▸ Your task
No pictures, everything else exact: set down the entries in full.

▸ Listed records

====================

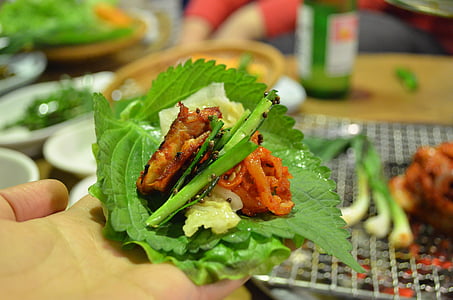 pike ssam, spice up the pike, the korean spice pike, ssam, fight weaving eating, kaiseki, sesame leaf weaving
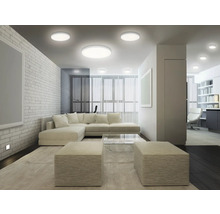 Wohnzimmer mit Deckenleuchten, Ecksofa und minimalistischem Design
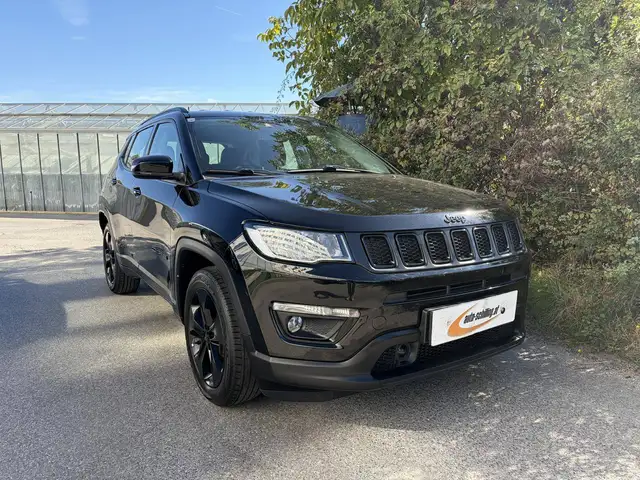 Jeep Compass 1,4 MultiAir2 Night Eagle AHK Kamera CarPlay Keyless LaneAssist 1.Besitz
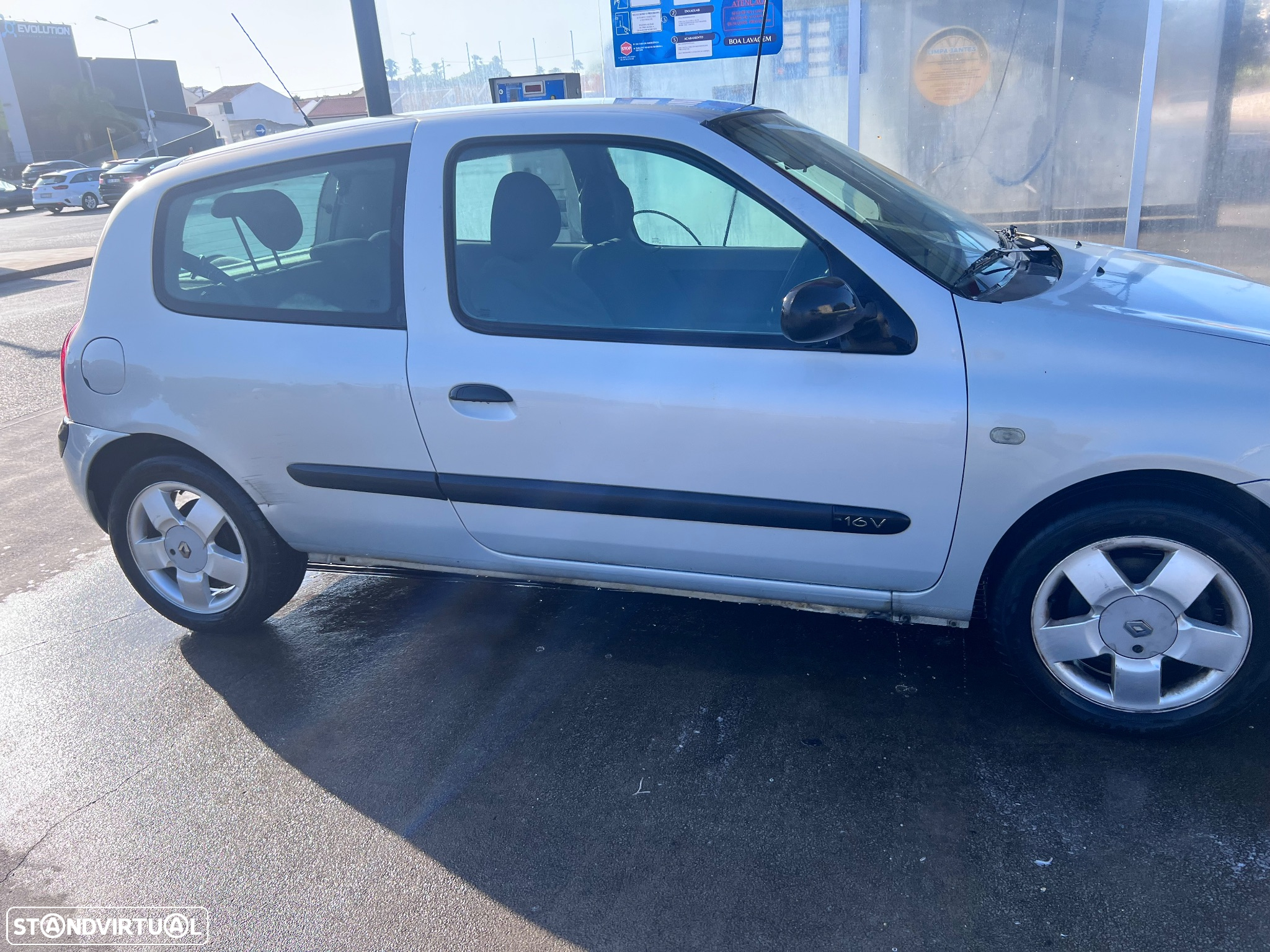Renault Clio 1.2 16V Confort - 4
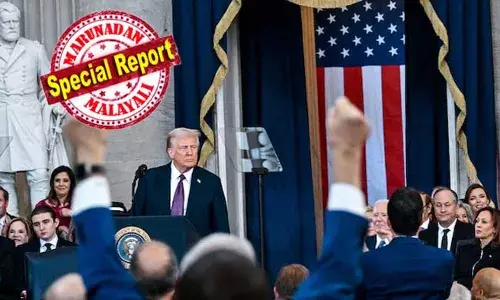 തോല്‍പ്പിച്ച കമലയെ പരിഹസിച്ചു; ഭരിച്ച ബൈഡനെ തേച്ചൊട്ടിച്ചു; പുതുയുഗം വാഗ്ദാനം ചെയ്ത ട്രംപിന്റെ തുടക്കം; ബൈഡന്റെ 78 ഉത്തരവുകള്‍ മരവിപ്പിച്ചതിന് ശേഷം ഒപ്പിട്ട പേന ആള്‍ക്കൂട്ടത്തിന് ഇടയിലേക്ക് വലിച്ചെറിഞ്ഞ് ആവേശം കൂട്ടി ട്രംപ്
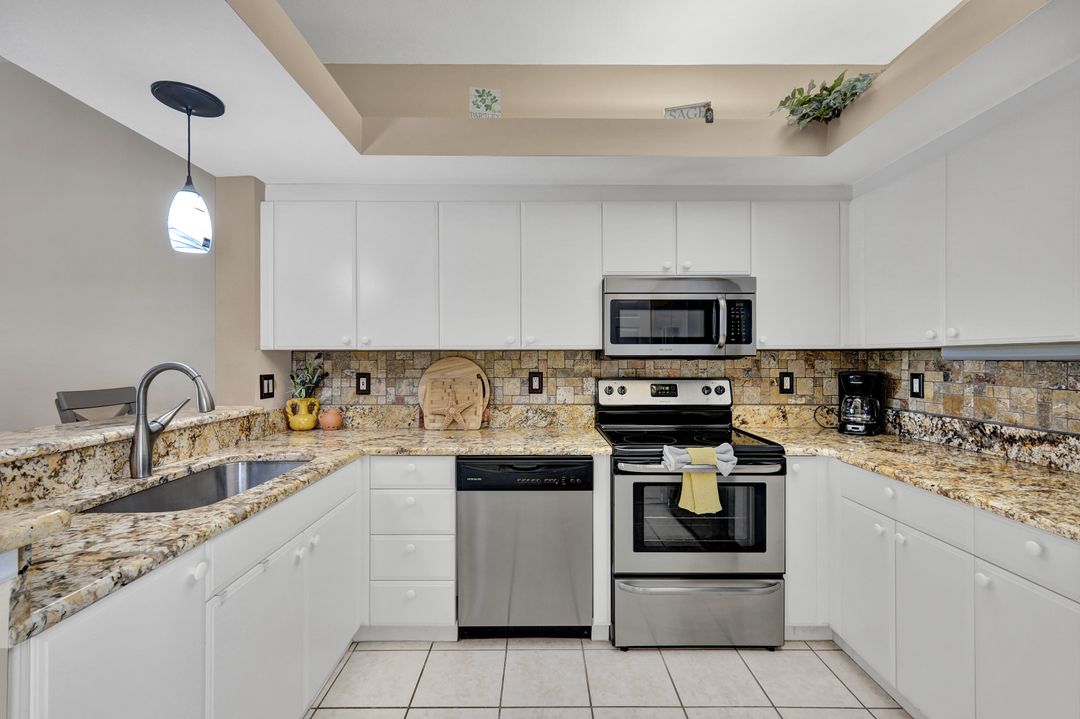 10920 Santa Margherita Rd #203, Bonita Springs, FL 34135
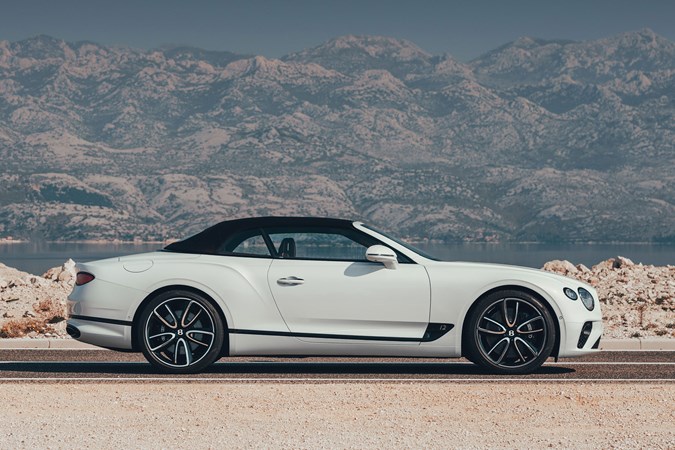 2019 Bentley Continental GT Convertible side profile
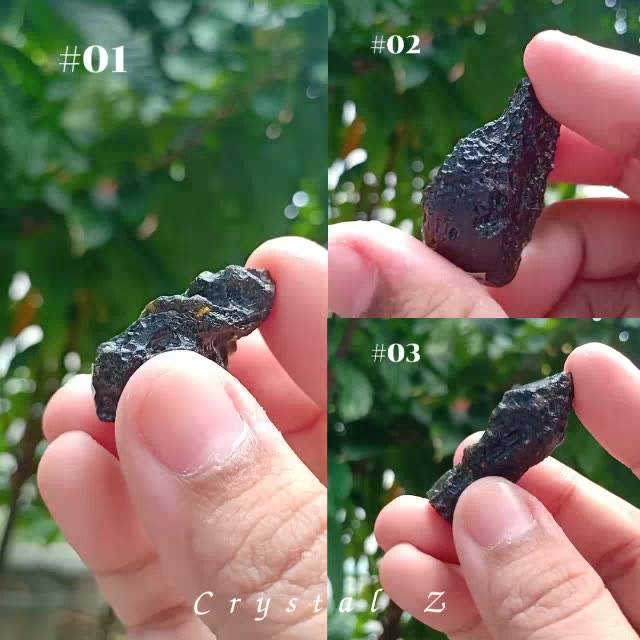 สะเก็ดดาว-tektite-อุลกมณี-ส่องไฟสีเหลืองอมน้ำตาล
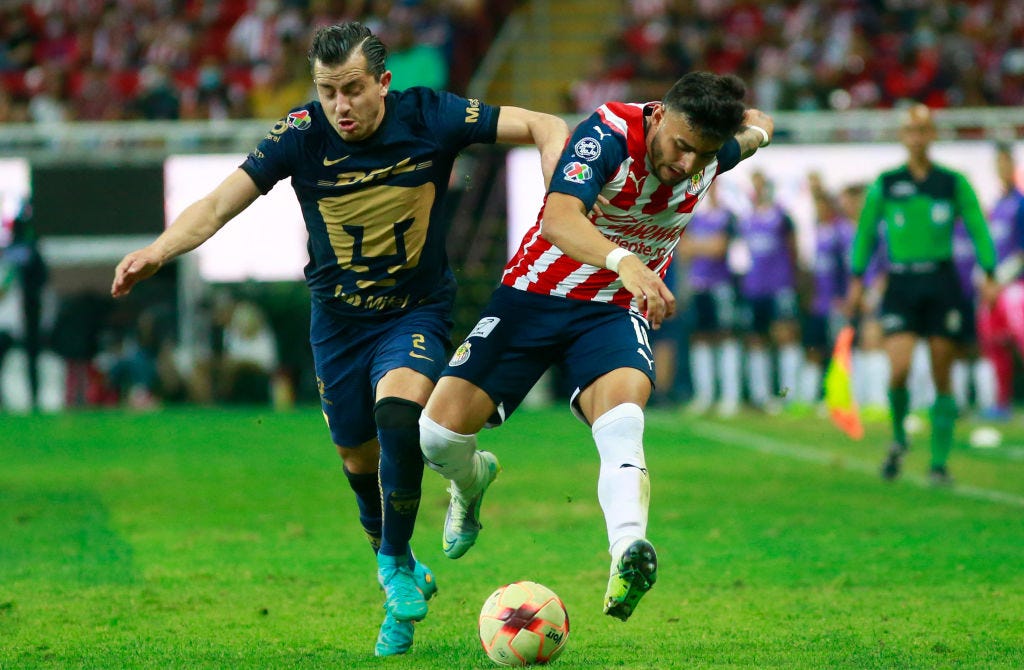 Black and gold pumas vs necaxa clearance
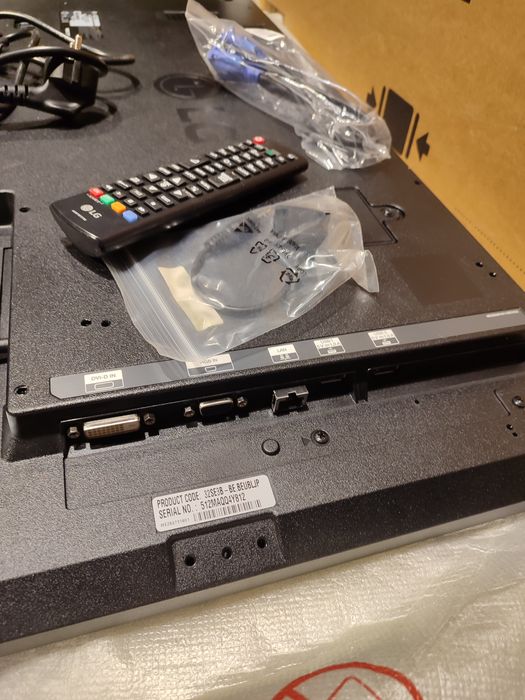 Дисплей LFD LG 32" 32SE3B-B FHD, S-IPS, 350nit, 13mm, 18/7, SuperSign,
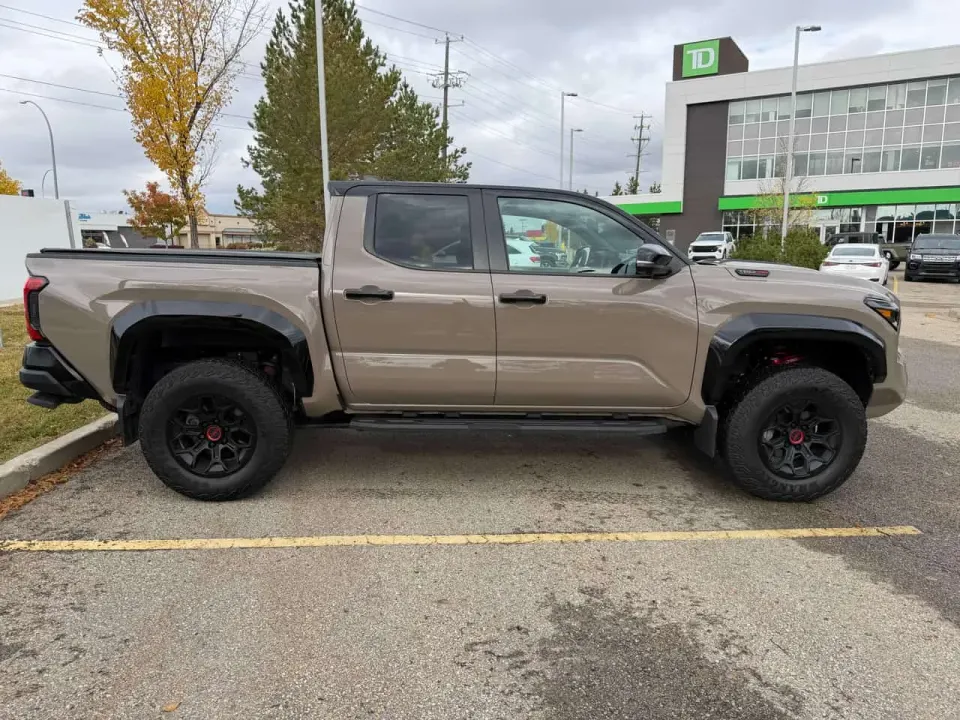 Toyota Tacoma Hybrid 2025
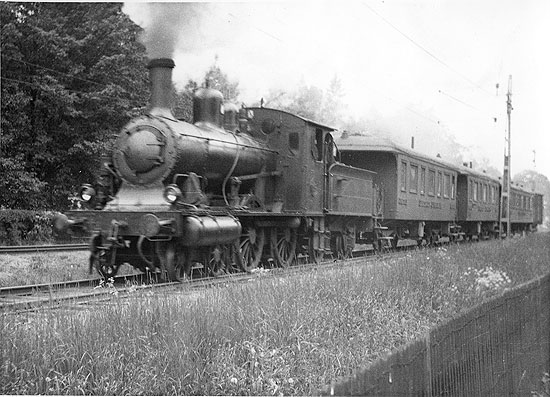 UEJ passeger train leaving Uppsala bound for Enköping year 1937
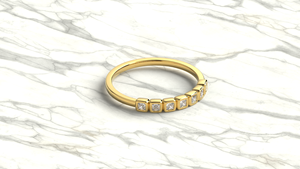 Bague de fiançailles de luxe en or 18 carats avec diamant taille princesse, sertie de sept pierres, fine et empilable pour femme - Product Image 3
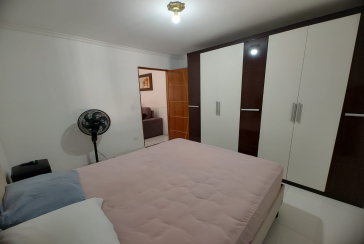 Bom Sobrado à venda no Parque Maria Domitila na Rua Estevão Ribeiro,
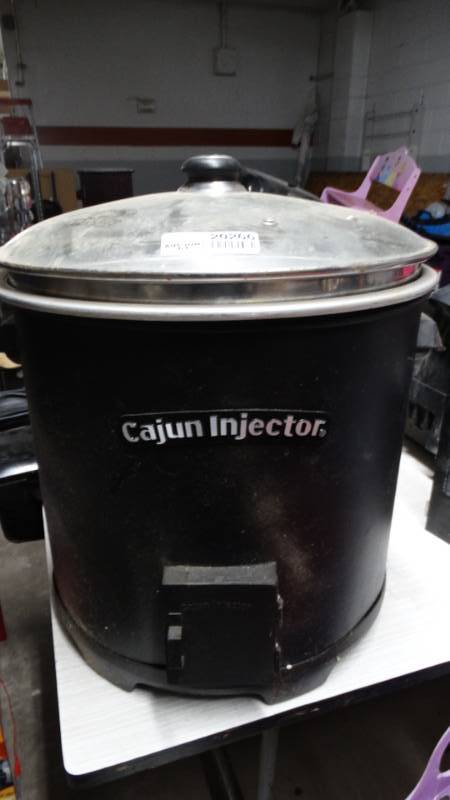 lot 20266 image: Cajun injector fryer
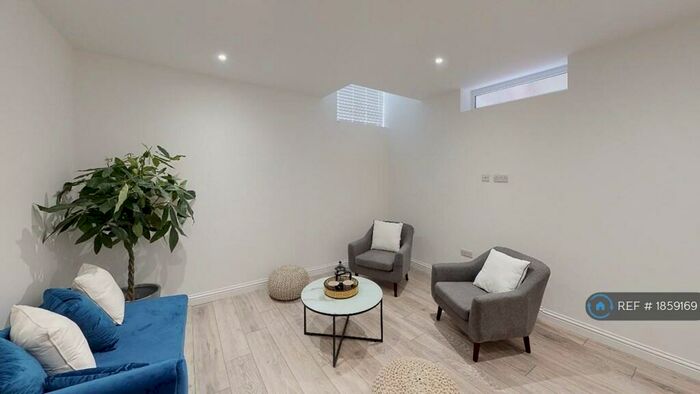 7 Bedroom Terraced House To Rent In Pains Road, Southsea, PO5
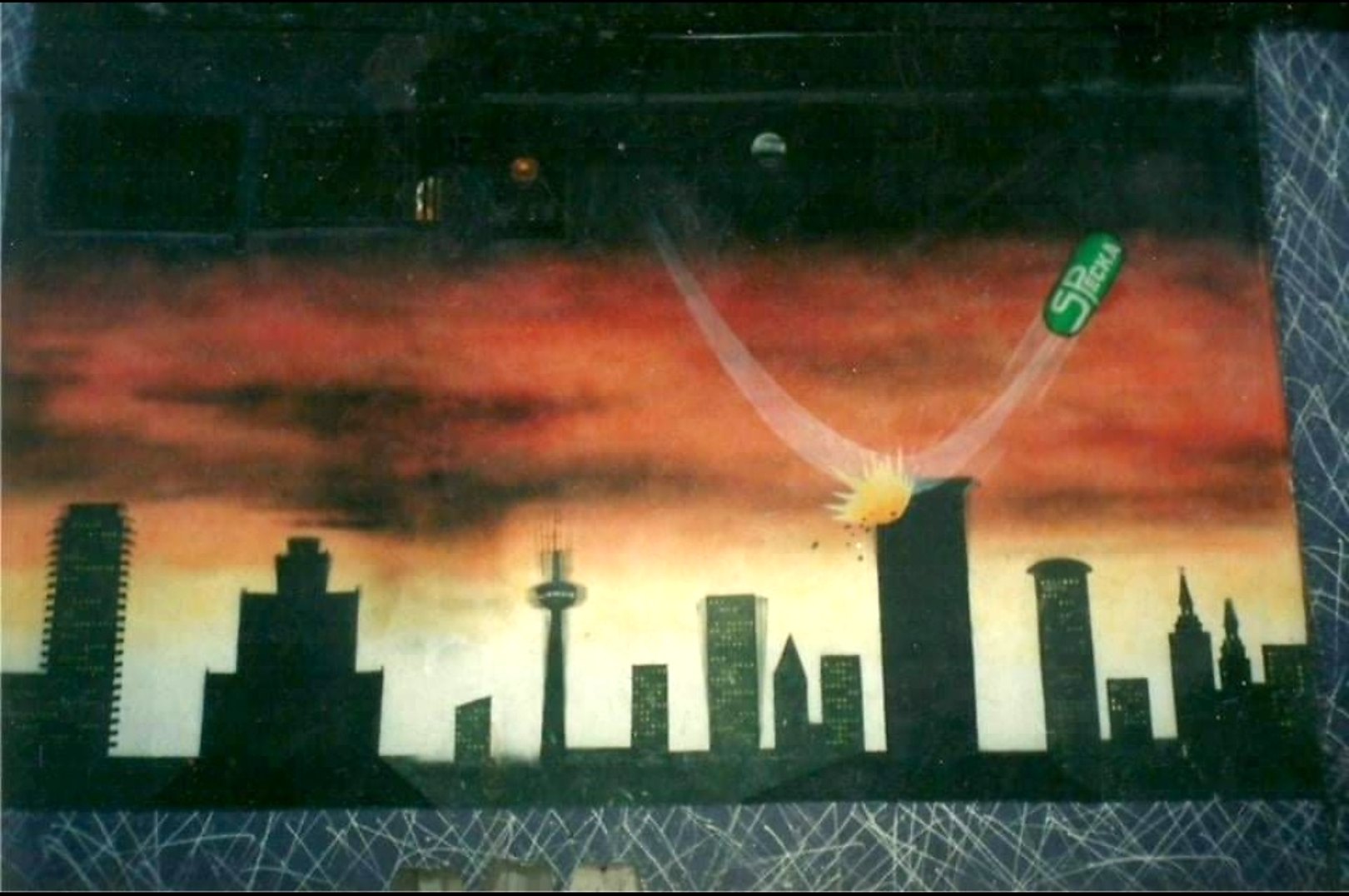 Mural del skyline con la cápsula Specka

====================

▸ Solution
 pike ssam, spice up the pike, the korean spice pike, ssam, fight weaving eating, kaiseki, sesame leaf weaving
 Wohnzimmer mit Deckenleuchten, Ecksofa und minimalistischem Design
 Jeep Compass 1,4 MultiAir2 Night Eagle AHK Kamera CarPlay Keyless LaneAssist 1.Besitz
Renault Clio 1.2 16V Confort - 4
 തോല്‍പ്പിച്ച കമലയെ പരിഹസിച്ചു; ഭരിച്ച ബൈഡനെ തേച്ചൊട്ടിച്ചു; പുതുയുഗം വാഗ്ദാനം ചെയ്ത ട്രംപിന്റെ തുടക്കം; ബൈഡന്റെ 78 ഉത്തരവുകള്‍ മരവിപ്പിച്ചതിന് ശേഷം ഒപ്പിട്ട പേന ആള്‍ക്കൂട്ടത്തിന് ഇടയിലേക്ക് വലിച്ചെറിഞ്ഞ് ആവേശം കൂട്ടി ട്രംപ്
 10920 Santa Margherita Rd #203, Bonita Springs, FL 34135
 2019 Bentley Continental GT Convertible side profile
 สะเก็ดดาว-tektite-อุลกมณี-ส่องไฟสีเหลืองอมน้ำตาล
 Black and gold pumas vs necaxa clearance
 Дисплей LFD LG 32" 32SE3B-B FHD, S-IPS, 350nit, 13mm, 18/7, SuperSign,
 Toyota Tacoma Hybrid 2025
 UEJ passeger train leaving Uppsala bound for Enköping year 1937
 Bague de fiançailles de luxe en or 18 carats avec diamant taille princesse, sertie de sept pierres, fine et empilable pour femme - Product Image 3
 Bom Sobrado à venda no Parque Maria Domitila na Rua Estevão Ribeiro,
 lot 20266 image: Cajun injector fryer
 7 Bedroom Terraced House To Rent In Pains Road, Southsea, PO5
 Mural del skyline con la cápsula Specka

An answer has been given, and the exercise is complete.